The last time I looked, nothing about history was subject to "nature". If all historians agreed that Hitler had 7 arms and flew, nothing bad would happen.
If, on the other hand, engineers decided to act as if steel was less dense than air at 1 bar, things would go wrong.
If a false understanding of history is applied in foreign relations, then there are situations where unnecessary wars can be created.
If a false understanding of history is applied to military strategy, wars can be needlessly lost.
There was a reason that the government created and spent so much on the Ministry of Truth in Orwell's 1984. If you control people's understanding of history, you can have a big impact on what they do in the future.
For example, if a country gets into an unnecessary war because of bad history, the historians aren't penalized.
> There was a reason that the government created and spent so much on the Ministry of Truth in Orwell's 1984. If you control people's understanding of history, you can have a big impact on what they do in the future.
Bingo, and it's not just govt that tries to influence history to influence the future.

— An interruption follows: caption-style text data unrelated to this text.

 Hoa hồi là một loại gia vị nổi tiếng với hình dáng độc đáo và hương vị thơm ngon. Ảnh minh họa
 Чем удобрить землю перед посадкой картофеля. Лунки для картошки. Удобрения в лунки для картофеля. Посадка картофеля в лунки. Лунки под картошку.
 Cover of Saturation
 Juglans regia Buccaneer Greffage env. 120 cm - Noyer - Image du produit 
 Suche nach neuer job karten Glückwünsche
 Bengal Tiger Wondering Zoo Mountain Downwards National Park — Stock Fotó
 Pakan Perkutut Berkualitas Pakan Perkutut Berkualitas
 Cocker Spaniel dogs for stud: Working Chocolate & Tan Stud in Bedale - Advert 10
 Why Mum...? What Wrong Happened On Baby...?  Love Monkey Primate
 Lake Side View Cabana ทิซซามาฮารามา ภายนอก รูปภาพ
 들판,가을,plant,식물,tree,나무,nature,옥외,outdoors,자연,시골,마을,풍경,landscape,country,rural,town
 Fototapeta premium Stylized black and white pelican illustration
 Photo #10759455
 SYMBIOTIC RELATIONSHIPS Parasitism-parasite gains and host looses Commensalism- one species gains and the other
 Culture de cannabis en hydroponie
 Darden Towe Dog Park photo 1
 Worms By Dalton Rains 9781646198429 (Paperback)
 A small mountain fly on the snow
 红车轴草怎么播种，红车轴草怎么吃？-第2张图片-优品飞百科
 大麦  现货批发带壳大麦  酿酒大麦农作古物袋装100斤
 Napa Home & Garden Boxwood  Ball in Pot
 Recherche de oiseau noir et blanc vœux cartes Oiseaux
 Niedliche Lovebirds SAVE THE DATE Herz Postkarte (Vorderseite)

Note that there's nothing in here that encourages accuracy.
Or, may I guess, most of the people that buys Ford's cars does not work directly for Ford.
1) Tired workers make costly mistakes, often countering any extra production they may have made 2) Tired workers work more slowly 3) Tired workers miss opportunities to save time through better work methods
Reducing hours towards 32hours /week will usually net you more produtivity per week. Increasing past this will give you temporary improvements, but they won't last beyond a couple of weeks.
Not to mention - the more Ford pays per hour, the better the quality of the workers he attracts.
It is well past time for the Big Tent to split, because I, for one, would like to be known as a conservative again.